ELEAT-SAGA: Early & Late Integration with Evading Alternating Training for Spoof-Robust Speaker Verification
Amro Asali, Yehuda Ben-Shimol, Itshak Lapidot
TL;DR
This work targets spoofing-robust speaker verification by introducing Score Aware Gated Attention (SAGA), which modulates speaker embeddings with countermeasure scores. It systematically explores early, late, full, and fused integration strategies, and develops alternating training regimes (ATMM) and an enhanced variant ELEAT to improve generalization to unseen attacks. The proposed ELEAT-SAGA, leveraging early CM features and a bypass mechanism, achieves state-of-the-art SASV performance on ASVspoof2019 LA (SASV-EER ≈ 1.22%) and strong results on SpoofCeleb, while reducing training time.

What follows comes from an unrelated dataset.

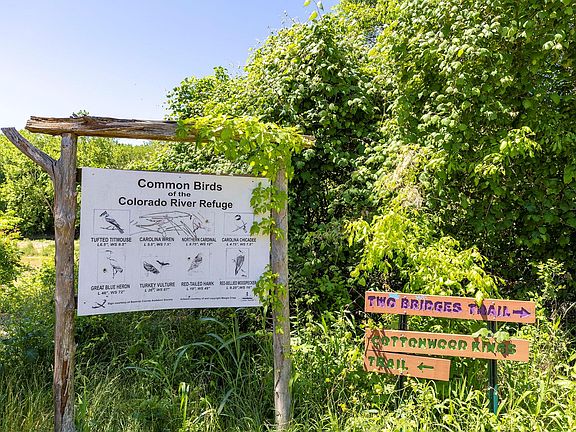 5th image of 0 Manawianui Dr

The results demonstrate that score-based gating and carefully designed training procedures can substantially improve spoofing resilience in SASV systems, with practical implications for deployable secure biometric verification.
Abstract
Spoofing-robust automatic speaker verification (SASV) seeks to build automatic speaker verification systems that are robust against both zero-effort impostor attacks and sophisticated spoofing techniques such as voice conversion (VC) and text-to-speech (TTS). In this work, we propose a novel SASV architecture that introduces score-aware gated attention (SAGA), SASV-SAGA, enabling dynamic modulation of speaker embeddings based on countermeasure (CM) scores. By integrating speaker embeddings and CM scores from pre-trained ECAPA-TDNN and AASIST models respectively, we explore several integration strategies including early, late, and full integration. We further introduce alternating training for multi-module (ATMM) and a refined variant, evading alternating training (EAT). Experimental results on the ASVspoof 2019 Logical Access (LA) and Spoofceleb datasets demonstrate significant improvements over baselines, achieving a spoofing aware speaker verification equal error rate (SASV-EER) of 1.22% and minimum normalized agnostic detection cost function (min a-DCF) of 0.0304 on the ASVspoof 2019 evaluation set. These results confirm the effectiveness of score-aware attention mechanisms and alternating training strategies in enhancing the robustness of SASV systems.